# Exercise #1: Getting ordered and unordered bigram matches in Elasticsearch

In [1]:
from elasticsearch import Elasticsearch
from pprint import pprint

## Indexing a toy collection 

This time, we store **term position information** and perform minimal stemming, i.e., removing only plurals (for that, we specify a custom analyzer).

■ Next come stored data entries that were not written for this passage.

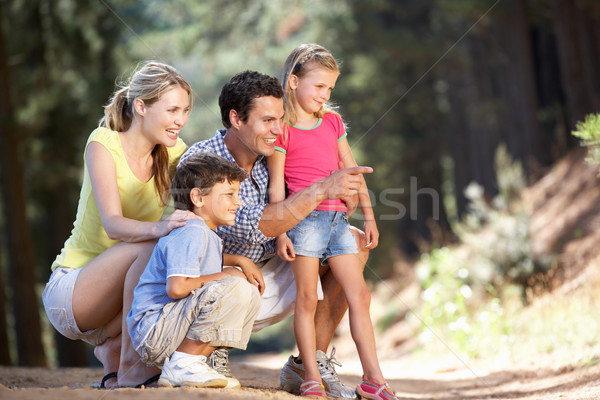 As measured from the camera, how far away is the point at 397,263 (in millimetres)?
14812

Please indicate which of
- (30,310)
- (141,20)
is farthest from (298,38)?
(30,310)

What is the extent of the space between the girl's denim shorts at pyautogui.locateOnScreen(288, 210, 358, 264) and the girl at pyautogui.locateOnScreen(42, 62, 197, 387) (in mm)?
734

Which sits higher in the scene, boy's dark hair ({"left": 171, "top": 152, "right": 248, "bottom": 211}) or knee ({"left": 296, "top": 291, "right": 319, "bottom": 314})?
boy's dark hair ({"left": 171, "top": 152, "right": 248, "bottom": 211})

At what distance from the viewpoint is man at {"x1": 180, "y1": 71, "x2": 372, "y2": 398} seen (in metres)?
3.34

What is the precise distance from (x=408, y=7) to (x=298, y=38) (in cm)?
360

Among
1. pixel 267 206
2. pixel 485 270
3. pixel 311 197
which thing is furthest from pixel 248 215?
pixel 485 270

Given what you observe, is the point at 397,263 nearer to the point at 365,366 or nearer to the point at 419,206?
the point at 419,206

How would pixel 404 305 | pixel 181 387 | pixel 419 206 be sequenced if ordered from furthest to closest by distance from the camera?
pixel 419 206, pixel 404 305, pixel 181 387

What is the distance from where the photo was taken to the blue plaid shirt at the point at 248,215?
3.44 m

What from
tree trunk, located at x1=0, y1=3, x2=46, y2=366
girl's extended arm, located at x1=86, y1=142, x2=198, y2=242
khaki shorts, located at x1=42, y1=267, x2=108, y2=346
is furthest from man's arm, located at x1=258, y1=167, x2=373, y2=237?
tree trunk, located at x1=0, y1=3, x2=46, y2=366

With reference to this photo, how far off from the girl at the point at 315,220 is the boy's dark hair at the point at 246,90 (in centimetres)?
18

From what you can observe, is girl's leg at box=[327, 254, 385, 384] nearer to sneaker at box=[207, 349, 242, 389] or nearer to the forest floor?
the forest floor

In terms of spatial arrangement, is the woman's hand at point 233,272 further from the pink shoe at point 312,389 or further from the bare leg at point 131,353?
the pink shoe at point 312,389

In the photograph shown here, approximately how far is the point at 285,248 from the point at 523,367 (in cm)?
280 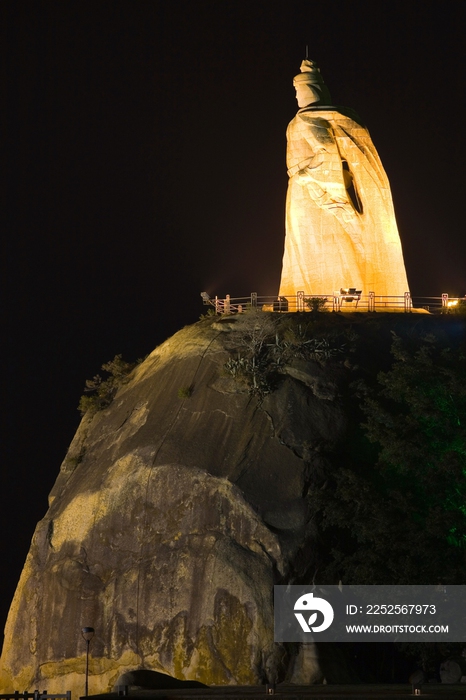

Check the [Elasticsearch documentation on analyzers](https://www.elastic.co/guide/en/elasticsearch/reference/current/analyzer.html).

In [2]:
INDEX_NAME = "toy_index"  

INDEX_SETTINGS = {
    'settings' : {
        'index' : {
            "number_of_shards" : 1,
            "number_of_replicas" : 1
        },
        'analysis': {
            'analyzer': {
                'my_english_analyzer': {
                    'type': "custom",
                    'tokenizer': "standard",
                    'stopwords': "_english_",
                    'filter': [
                        "lowercase",
                        "english_stop",
                        "filter_english_minimal"
                    ]                
                }
            },
            'filter' : {
                'filter_english_minimal' : {
                    'type': "stemmer",
                    'name': "minimal_english"
                },
                'english_stop': {
                    'type': "stop",
                    'stopwords': "_english_"
                }
            },
        }
    },
    'mappings': {
        'properties': {
            'title': {
                'type': "text",
                'term_vector': "with_positions",
                'analyzer': "my_english_analyzer"
            },
            'content': {
                'type': "text",
                'term_vector': "with_positions",
                'analyzer': "my_english_analyzer"
            }
        }
    }
}

In [3]:
DOCS = {
    1: {"title": "Rap God",
        "content": "gonna, gonna, Look, I was gonna go easy on you and not to hurt your feelings"
        },
    2: {"title": "Lose Yourself",
        "content": "Yo, if you could just, for one minute Or one split second in time, forget everything Everything that bothers you, or your problems Everything, and follow me"
        },
    3: {"title": "Love The Way You Lie",
        "content": "Just gonna stand there and watch me burn But that's alright, because I like the way it hurts"
        },
    4: {"title": "The Monster",
        "content": ["gonna gonna I'm friends with the monster", "That's under my bed Get along with the voices inside of my head"]
        },
    5: {"title": "Beautiful",
        "content": "Lately I've been hard to reach I've been too long on my own Everybody has a private world Where they can be alone"
        },
    6: {"title": "Fake Eminem 1",
        "content": "This is not real Eminem, just some text to get more matches for a split second for a split second."
        },
    7: {"title": "Fake Eminem 2",
        "content": "I have a monster friend and I'm friends with the monster and then there are some more friends who are monsters."
        },
}

In [4]:
es = Elasticsearch()

In [5]:
if es.indices.exists(INDEX_NAME):
    es.indices.delete(index=INDEX_NAME)
    
es.indices.create(index=INDEX_NAME, body=INDEX_SETTINGS)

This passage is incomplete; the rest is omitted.